Florence Haas
Sunday, June 29, 2008
Palo Alto, CA
Today Phyllis will present to you her talk on studies about immigration which found we are all on the move. I suspect we are called by some inner drive. People have been migrating since the earliest times, long before countries or borders. And animals, birds, and fish migrate. Plants have many ingenious schemes to get their seeds carried so they too move to new places. It looks like it’s in the makeup of living things and probably an evolutionary aspect to keep living things always adapting and looking for new opportunities.
One day I watched with amusement a horse straining his neck reaching over a fence eating the grass on the other side, not any greener than the grass in his pasture, and realized animals also look for better opportunities. Last week an alligator visited Cape Cod — the residents were not pleased and removed it, but I give the alligator credit as a newsworthy explorer.
We all have stories to tell about our families’ travels. My ancesters were German-speaking people from Central and Eastern Europe who immigrated to the United States after the Civil War, and before that had moved from Germany to Slovakia, Prussia to Switzerland, and long before that were probably involved in the Wandering of the Peoples, or “Volkswanderung” as it’s known in German — Barbarian Invasion to the rest of the world. My Great Grandfather Martin Haas Sr. grew up in Leipzig, Germany, and after serving his stint in the Kaiser’s Army, moved to Ohio because he saw Germany headed for serious trouble, and didn’t want any of his descendants to endure what was coming. Yes, I’m grateful to him for his foresight, and for making a good life for our family here in the United States, sparing us the horrible suffering in Germany because of the wars. Our family stories have been recorded in books published by our relatives; for further information about my heritage I’m sending my DNA sample to the National Geographic Genographic Project, which will send me a map of the path my ancestors took out of Africa to wherever they went, along with DNA markers indicating groups of people from whom I descended.

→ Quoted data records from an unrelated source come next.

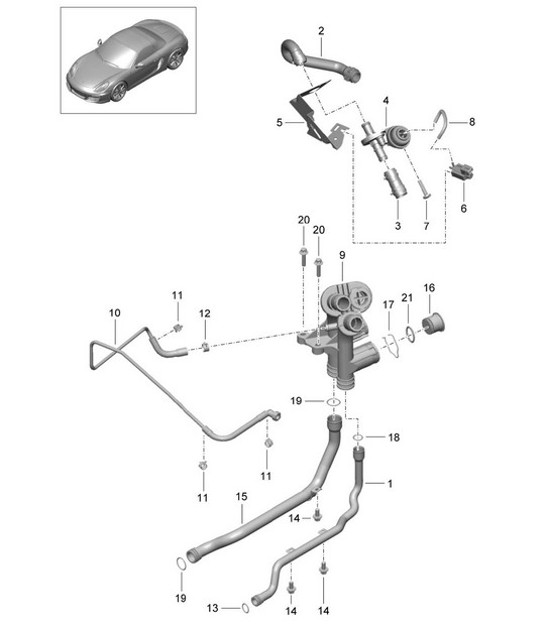 Diagram 105-005 Porsche 996 C4 3.4L 1997-08/01 引擎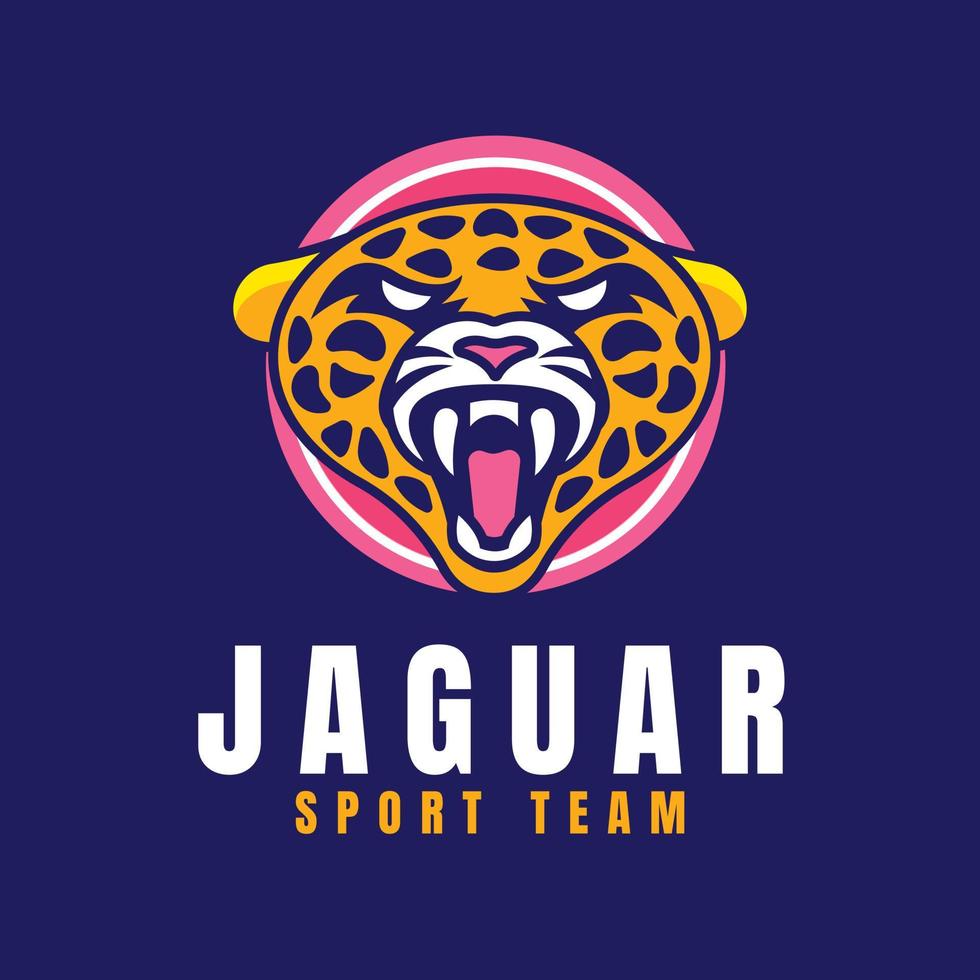 plantilla de logotipo de jaguar de diseño plano vector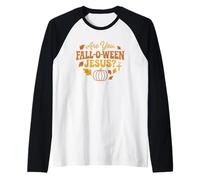 Design con Zucca di Gesù Cristiano con Scritta Are You Fall-O-WEEN Maglia con Maniche Raglan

And I’m an immigrant of sorts — after graduating from college, opportunities in northern Ohio were scare so I moved to California for further study and work, one of the many who came to universities like Cal and Stanford, and stayed. My sisters, brothers, and our adult children have also moved and now we have our family members stretching from Portland Maine to Honolulu and Seattle to Florida and points in between. Most likely you can say the same about your families. Who doesn’t love to travel — we’re always seeking new opportunities, new friends, new frontiers, new ideas. My search for new ideas led me away from my childhood home and religion, immigrating, as it were, to California and the Unitarian Universalist faith.
As a librarian, I am gratified to assist people who have come to the United States from all over the world, and like many before them, know the place to go to get started is the public library. I never get tired of their wonderful enthusiasm to build a new life here and am glad to be one of the U.S. citizens who can welcome them.
I have my own thoughts and feelings about legal versus illegal immigration and would like to see us find a way to keep better track of those entering our country. Like we do with library books, we could barcode each entry and then check folks in and out as they cross our borders, and could mark them overdue, but I realize people are different from books. I hope system will be devised to take the sting out what’s happening now, as well as useful and effective. The Native Americans are also in my heart today realizing that immigration has had a very negative effect on them, and in some ways the current immigration is difficult for those of us who have lived here a long time. Nobody said it was easy.
This week we’ll celebrate the Fourth of July, and America — the hope and dream of those needing to escape poverty, tyranny, long for justice, and want a better life. I’ll be marching with the Los Trancos Woods Community Marching Band in the Redwood City Parade playing my snare drum and see the many hundreds or thousands of people of all colors and nationalities lined up to watch it, each one dressed in some silly red, white, and blue costume, cheering, holding and waving American flags, and it is thrilling. Such is the power of the American Dream.